In tailgating, the threat actor uses someone else’s valid entry to the building as a means of going through the same door. One trick is to wait at an external smoking point and strike up a conversation. The threat actor introduces themselves. They get the name of the person they’re talking to. What they want to happen is for other people to arrive at the smoking point while they’re already in conversation. They will wait until the first staff member goes back into the building. They’ll say goodbye to them, address them by name.
The new arrivals won’t even question whether this person is a member of staff. He’s here at their smoking point, laughing and chatting to other members of staff and addressing them by name.
The threat actor then chats to the new arrivals. They ask them if they know the person who has just left, and tells them he’s a nice guy. When the second wave of smokers returns to the building the threat actor will accompany them. They let the staff members enter their code, or use their fob or key. When the door opens they will make a show of holding it open, and gesturing for the real staff to enter. He then follows them in.
We’re dealing with people so, needless to say, the defenses revolve around training, policies, and procedures.
- Rehearse procedures with teams, and consider involving role-play sessions by experienced, benign social engineers.
- Security firms can be engaged to use all of the techniques described here and more to try to penetrate your defenses. Where their attacks were successful will guide you in further tightening your security by improving procedures or applying more control to existing procedures. Just like penetration testing that probes your technical defenses, social engineering susceptibility should be tested periodically. You may choose to combine this with a benign phishing campaign.

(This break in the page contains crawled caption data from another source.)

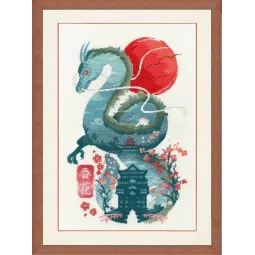 Kit de point de croix compté "Dragon Émeraude" 21x32.5 cm S/MG025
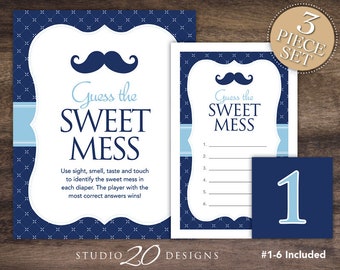 Instant Download Navy Blue Mustache Guess the Sweet Mess Baby Shower Game, Moustache Dirty Diaper Game, Little Man Candy Bar Shower Game 27B
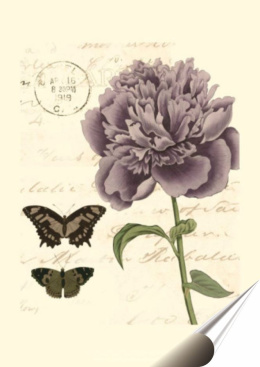 Kwiat Plakat Samoprzylepny Retro Plakietka(motyw metalowego szyldu)#02521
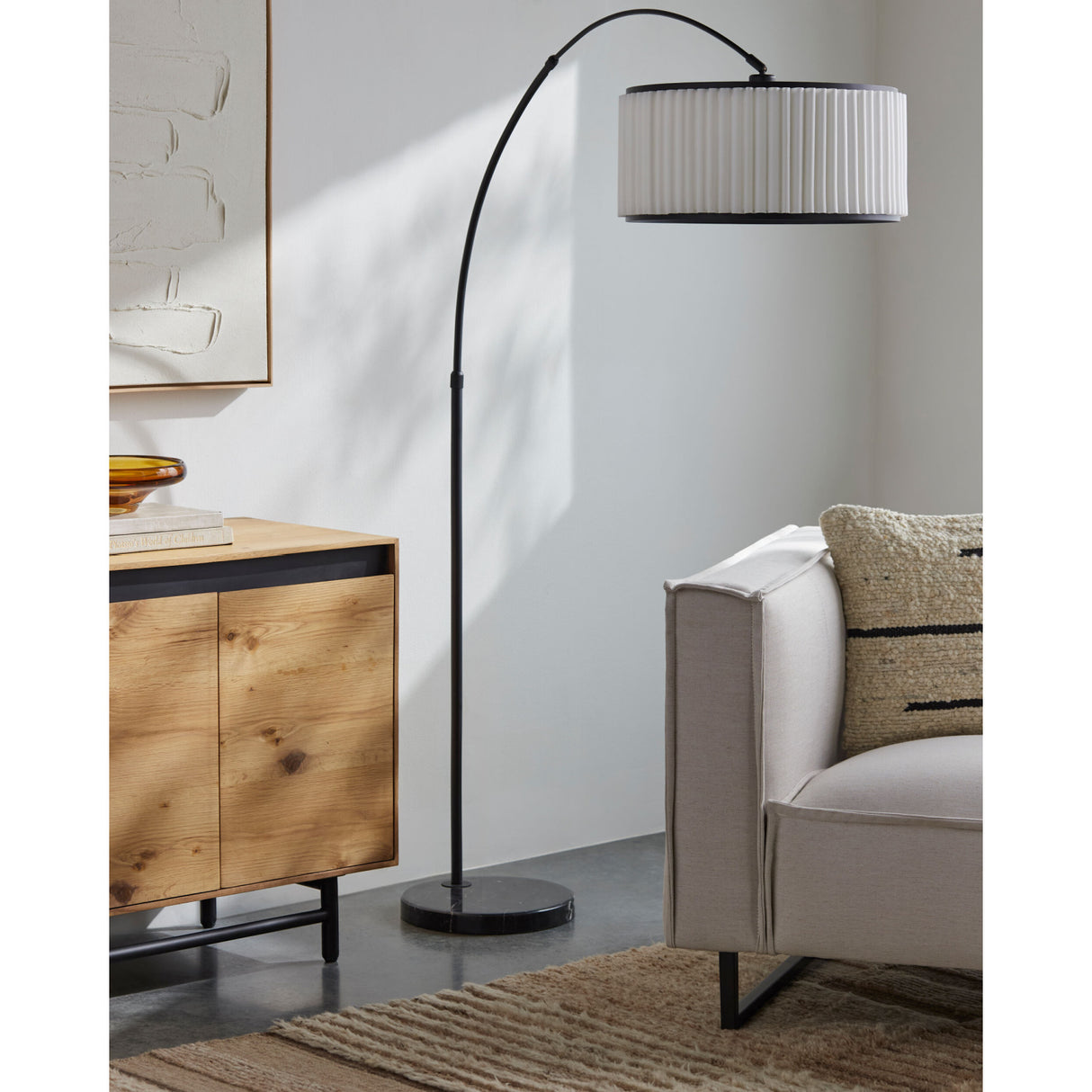 White Fluted Linen Floor Lamp | Oroa.com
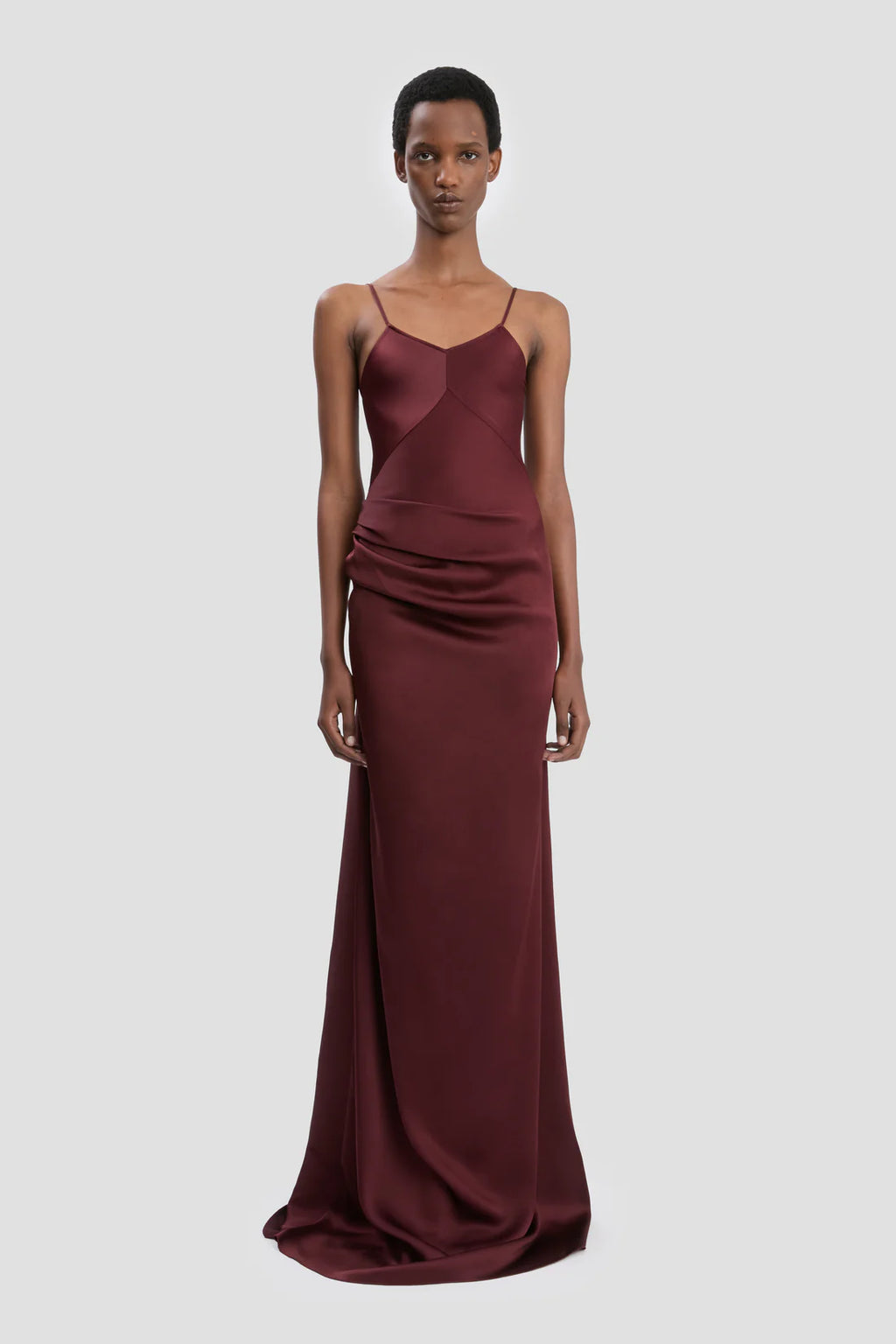 Draped Cami Floor-Length Dress In Cinnabar Red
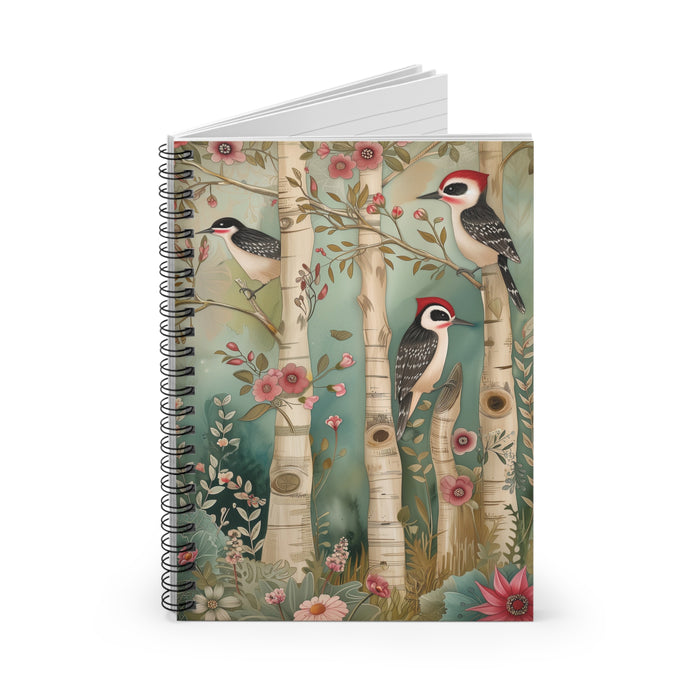 Woodpecker & Wildflower Spiral Notebook – 6" x 8" Nature Journal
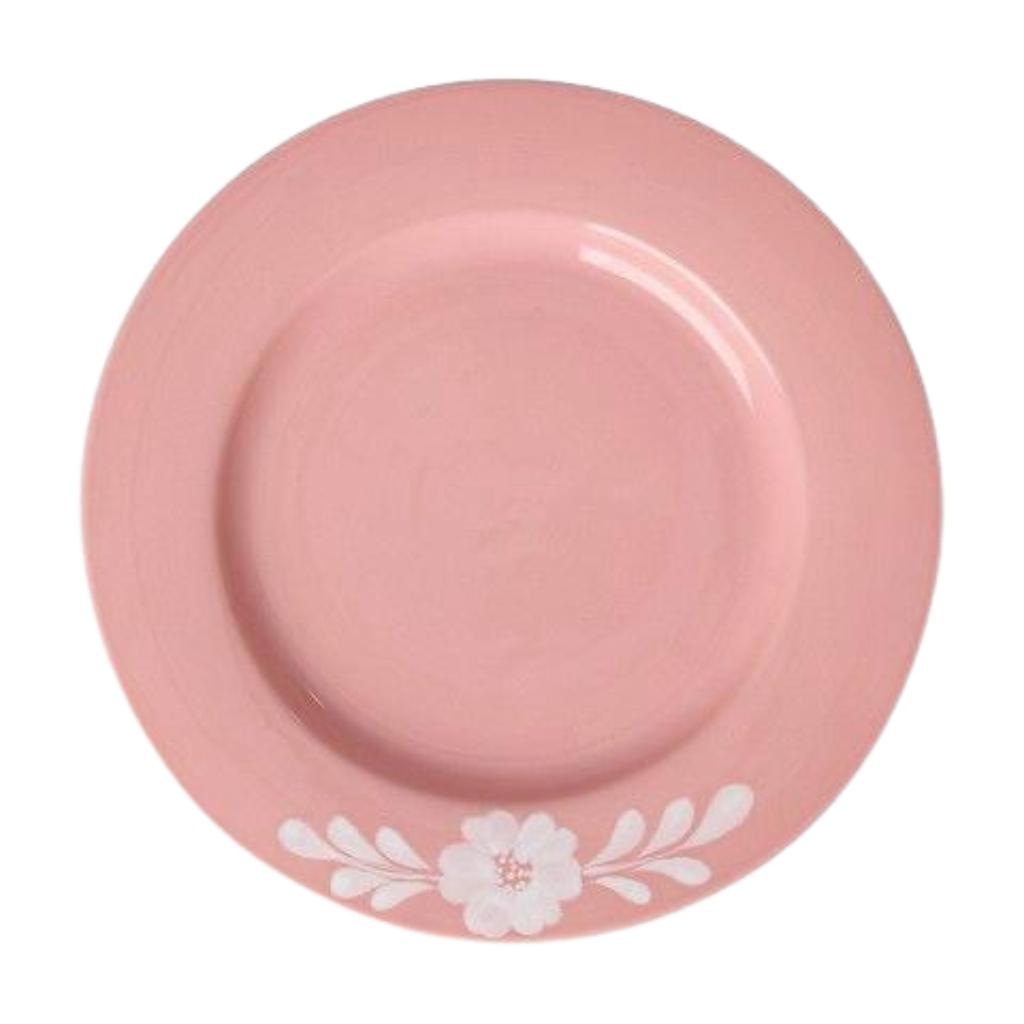 Ceramic Dinner Plate with Hand-painted White Flower Vine - Rice By Rice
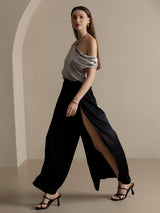 [Svart] SilkSilky-SE 19Momme Silke Womens Pants 008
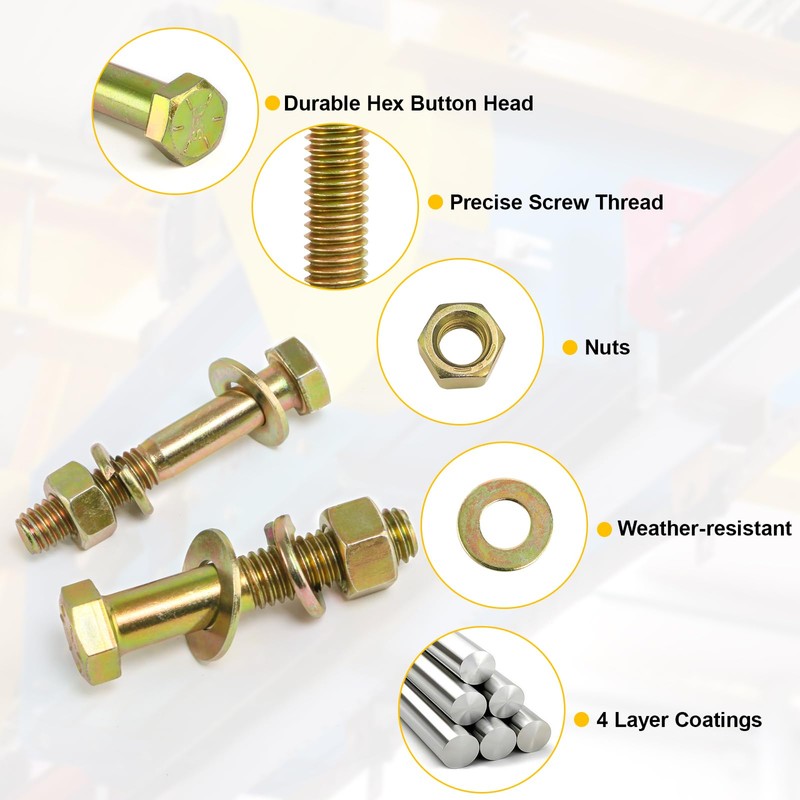 1000PCS Grade 8 Bolt Assortment Kit, Heavy Duty Bolts and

- Turn off auto-run for USB devices. Treat anonymous USB memory sticks like Pandora’s Box.
- Have a policy for out-of-bound requests. These are requests that break protocol. They ask for something you wouldn’t usually comply with but you might be tempted to because it is an emergency. Or a one-off. Or special circumstances. Or this guy really needs a break. Don’t put your staff on the spot feeling torn between wanting to help and knowing they shouldn’t. Have a procedure they can adhere to.
- Perform network scans and identify and examine new devices that have been connected to the network.
- Never give technical support—or anyone else, for that matter—your login credentials. They will never ask for them. If you’re being asked for this type of information, they are a fraud.
- If you receive a telephone call asking for sensitive information you’ve previously provided, the safest thing to do is hang up and ring them back.
- Never leave visitors unattended and always escort them. Only let visitors wait for their contact in reception.
Fostering a security-minded culture in your business will pay dividends, and is a foundation of a multi-layered security approach.